A number of the entities on the list approved Friday by the Illinois Investment Policy board have pulled money from Israeli businesses that operate in the West Bank and eastern Jerusalem, but have not boycotted Israel within its 1967 lines. At least two of the entities have said their disinvestment from Israel in recent years was based on commercial, not political, calculations.
The Illinois law passed last year explicitly bars dealing with companies that boycott Israeli operations in territories controlled by Israel.
“Today’s actions were truly historic and will lead the way for the dozens of other states following Illinois’ lead,” a senior official in the administration of Gov. Bruce Rauner, a Republican who championed the bipartisan legislation, told JTA on Friday.
More than 20 states are considering bills or have passed laws targeting companies that comply with the Boycott, Divestment and Sanctions movement against Israel. Most of these penalize only companies that boycott Israel, although nine states, like Illinois, have passed or are considering passing laws that extend the penalties to entities that boycott Israeli businesses operating in the West Bank.
Included on the Illinois list is ASN Bank of the Netherlands, which disinvested from a company building Jerusalem’s light rail but remains invested in at least one company, Electrocomponents of Britain, which operates inside Israel’s 1967 borders. Also included is Karsten Farms, a South African importer that divested from an Israeli dates exporter that had among its suppliers a West Bank farm.
ASN is one of a number of European banks that advertise operating on ethical principles. Another such bank, Danske Bank of Denmark, refuses to invest in companies that operate in the West Bank, and also lists as banned for investment an Israeli security equipment manufacturer, Elbit. However, Danske Bank lists a number of non-Israeli security equipment manufacturers it targets for not comporting with its values.
Another entity listed, Nordea, a Swedish bank, investigated several years ago whether to disinvest from partner banks in Israel that operated in the West Bank, but ultimately decided that Nordea’s investments were separate from the Israeli banks’ West Bank activity and remained partnered with the Israeli banks.

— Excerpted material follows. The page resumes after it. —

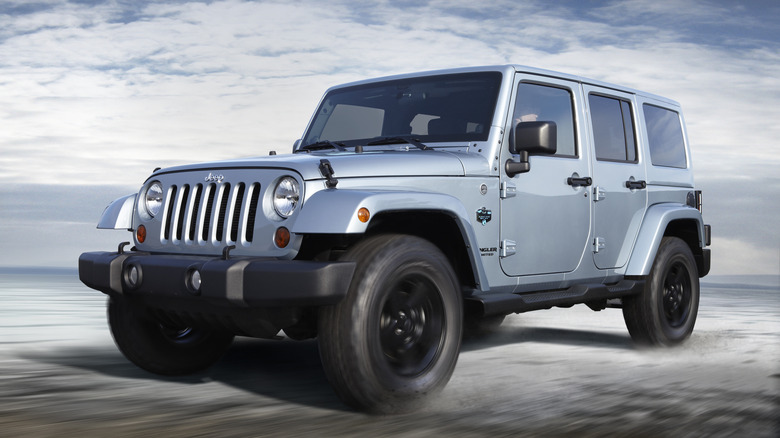 A 2012 Jeep Wrangler on the move in a desert, front 3/4 view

Two of the entities — G4S, a major British security firm, and Dexia Bank of Belgium — have sold off Israeli affiliates. In both cases, while BDS activists claimed victories, the companies said the sell-offs were part of broader divestments made strictly for commercial reasons. Dexia, for instance, was hard hit by the 2008 financial crisis, and forced by the French and Belgian governments to sell some of its holdings.